### Data extract
*****
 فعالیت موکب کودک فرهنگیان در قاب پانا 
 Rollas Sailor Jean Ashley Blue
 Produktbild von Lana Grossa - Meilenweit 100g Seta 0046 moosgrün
*****
### Exercise brief
Only the lines from the one containing "Rollas Sailor Jean Ashley Blue" through the end of the material should be copied, exactly as they stand; please keep both ends.

### Expected answer
 Rollas Sailor Jean Ashley Blue
 Produktbild von Lana Grossa - Meilenweit 100g Seta 0046 moosgrün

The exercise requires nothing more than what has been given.